My favorite story was about a beagle named Tippy who, when offered a bowl of vegetable soup, lapped up every bit of it except for the green peas. Now that’s a dog after my own heart.
But there’s never been a dog on the face of the earth who could eat like Buster could.
One of five puppies born to Molly, my black Lab, he stood out among his littermates. For one thing, he was yellow, despite the fact that both of his parents were black. He was big, blocky, boisterous and beautiful. I knew the first time I laid eyes on him that Buster was not for sale.
He was, to put it mildly, an enthusiastic nurser. First to arrive at the dinner table and last to leave. Even after his brother and sisters were gone to new homes and Buster was strong enough to romp in the woods and swim in the pond, he continued to nurse. Molly finally cut him off when he was almost as big as she was.
Not long after he started on puppy food, I became concerned about how much Buster ate. And how quickly. My vet’s advice? Anything left in the food bowl after twenty minutes should be taken away.
“Twenty minutes!” I exclaimed. “Buster’s supper is gone in twenty seconds.”
I decided that feeding him in a shallow pan might be the answer.
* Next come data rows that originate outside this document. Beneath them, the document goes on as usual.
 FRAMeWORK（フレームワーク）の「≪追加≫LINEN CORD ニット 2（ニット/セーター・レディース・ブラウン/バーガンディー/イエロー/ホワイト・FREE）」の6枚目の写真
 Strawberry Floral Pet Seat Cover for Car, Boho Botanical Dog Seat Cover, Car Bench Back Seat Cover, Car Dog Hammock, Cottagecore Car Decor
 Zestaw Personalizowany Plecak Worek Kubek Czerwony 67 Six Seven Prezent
The food would be spread out, forcing him to take smaller bites and perhaps even take time to swallow in between bites. It helped a little, but Buster could still straddle that pie plate and inhale his kibbles at record speed.
And his between-meal snacks were a constant source of amazement.
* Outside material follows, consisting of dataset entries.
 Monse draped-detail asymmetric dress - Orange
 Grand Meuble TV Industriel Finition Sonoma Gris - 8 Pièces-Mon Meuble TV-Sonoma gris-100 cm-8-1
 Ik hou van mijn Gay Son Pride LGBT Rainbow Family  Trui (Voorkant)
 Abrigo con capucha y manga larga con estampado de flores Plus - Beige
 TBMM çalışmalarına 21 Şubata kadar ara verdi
He could catch grasshoppers on the fly. Rout out a rotten deer carcass and make quick work of it. Frogs and toads? Yum! Once, George killed a huge black snake that had invaded a nest of baby barn swallows. He tromped across the pasture and flung the snake far into the woods, hoping that Buster wouldn’t find it. Wrong.
On a leash walk early one morning, Buster discovered a shrink-wrapped tuna fish sandwich on the side of the road. I wasn’t quick enough to snatch it out of his mouth before he swallowed it whole, plastic and all. Dr. Boyd’s advice this time? “If it was any dog but Buster, I’d be worried. But I bet he’ll be just fine.”
And it wasn’t just edible stuff that Buster consumed. One of his favorite delicacies was dried horse manure. No kidding. And speaking of horses, Buster ate grass on a daily basis. Lots and lots of grass. The most bizarre thing he ever ate was my four-year-old nephew’s left mitten, which had fallen out of his coat pocket on the way to the barn. Buster suffered no ill effects, but Matthew’s little bare hand was cold for the rest of the afternoon.
Not long after Buster turned eleven, his appetite suddenly fell off. He began ignoring the dry dog food in his pan. I tried every kind of canned dog food on the market. I tempted him with bologna and hot dogs and Velveeta cheese. All to no avail. Late on a hot spring afternoon, Buster crossed over to that wonderful place where the all-you-can-eat buffet never closes.
I hope they serve tuna fish sandwiches there. Without the shrink wrap.